There is, however, something more deeply significant in all this public rhetoric of freedom, and although my thoughts about it are still in the process of being straightened out, here’s an initial outline. Such rhetoric is often disingenuous, particularly in the mouths of politicians – after all, no politician ever tells us they are against freedom! – but in America the word seems to have become a hollow platitude. Its endless repetition seems almost to have bored out the content, so that Americans have no doubt that they are free, but if pressed on exactly what that freedom amounts to, things get sticky. In fact, they get so sticky i’m not yet ready to try and write-out my thoughts on the matter any further. So until then, enjoy some pictures of nicer, whiter parts of Philadelphia: 

Independence Hall, where the Declaration of Independence was signed.

The central town hall.

Benjamin Franklin’s Grave (photo taken holding camera through railings). Franklin – who ran away from Boston to Philly when he was 17 – was a self-taught genius; a philosopher, scientist and inventor (of lightning rods, no less) he was perhaps the greatest of the Founding Fathers alongside Jefferson and Washington. Notably, he thought the Bald Eagle was a poor choice of national bird, and preferred the Turkey. I agree (America is chock-full of pictures and sculptures of Flags and Eagles; where else do Flags and Eagles remind you of?). You’ll observe here that people have thrown money onto his grave. Perhaps they believe Franklin’s ghost will bring them good luck in return – or perhaps its critical commentary upon the state of modern American politics and a nasty jibe at Franklin. Who knows?

 

Philadelphia skyline, with a statue of General George B. McClellan in the foreground. McClellan was General of the Unionist Army of the Potomac for much of the Civil War. He was also an ego-maniac and an indecisive general who on numerous occasions failed to take the initiative against Robert E. Lee because his endemic over-caution continuously led him to over-estimate the enemy’s strength. He was eventually removed from command, and became the Democratic Party’s nominee and major challenger to Lincoln in the 1864 Presidential campaign.

A couple of shots from Penn’s Landing.

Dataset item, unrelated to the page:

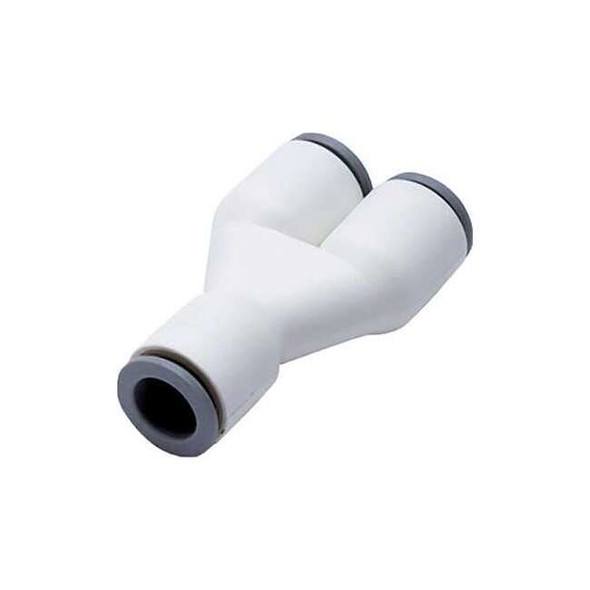 Parker Fractional Plastic Push-to-Connect Fitting, Polymer, White 6340 08 00WP2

This is – you’ll be surprised to hear -where William Penn the founder of Pennsylvania landed on the banks of the Delaware River, and where Philadelphia began. As a colonial colony Philadelphia was the only city that allowed complete religious toleration. Whereas in, e.g. Boston the Puritan settlers who fled Britain to avoid religious persecution quickly set about instituting religious persecution, in Philadelphia you could be a Quaker, Jew, Presbyterian or whatever. Nowadays Penn’s Landing has been turned into a sort of out-door concert and event center. The idea is good, but it’s getting run-down: cobble stones are loose and need replacing, and the water-sculpture fountains are getting dirty and stained. This, incidentally, is the story of much of Philly; a growing need for public works and repairs becoming long over-due. 

 

Late in the afternoon there was a minor accident on the subway, when two trains collided (gently, nobody was hurt). In any case, local press was all over it, and I snapped this shot of the interview-mugging of a local transport statesman, which i think is quite cool.